Let’s return again to Edna St. Vincent Millay as I start a short series of pieces using words by more famous poets, each of whom considers the book of nature as played out by birds.

Millay’s “Wild Swans” may be somewhat overshadowed in the Cygnet Committee by William Butler Yeats’ “The Wild Swans at Coole,” published only a few years earlier than Millay’s poem. The birds of these poems’ central image, the largest waterfowl, is known for white and graceful beauty while at rest or swimming on the water, which contrasts with their somewhat overburdened flight and strangled hinge-in-need-of-oil song.

Other than their pure color and size, it may be the swan in flight that makes them something of the ornithological model for angels, as for such a large bird to have enough strength and wingspan to fly is practically miraculous.

In “Wild Swans” Millay presents that miracle in flight, but by misdirection or misapprehension. The swans are flying as the poem opens, but Millay is instead looking inward—and furthermore, the poet thinks this introspection is bringing no insight.

But in this short poem’s second part, the images and insights come anyway.

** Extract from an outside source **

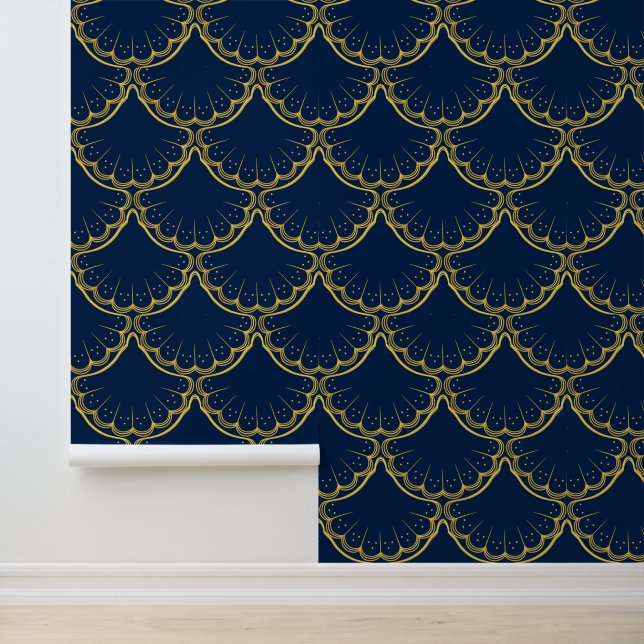 Elegant Kust thema Gouden schelp patroon blauw Behang (Applicatie)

In an apostrophe to her heart, Millay addresses it as a “house without air”—an acute metaphor there for despair—and she now asks for the swans to fly over us again, trailing their ungainly legs, crying unselfconsciously their sad and awkward calls.

Wildness, movement, flight beyond bounds, the miraculous after grace, the next day flying over the weeks, then the months and the years.

This is a surprising poem, it’s titular image, those wild swans, are missing, until they are called for in the last five words; not to be beautiful, but straining to be possible.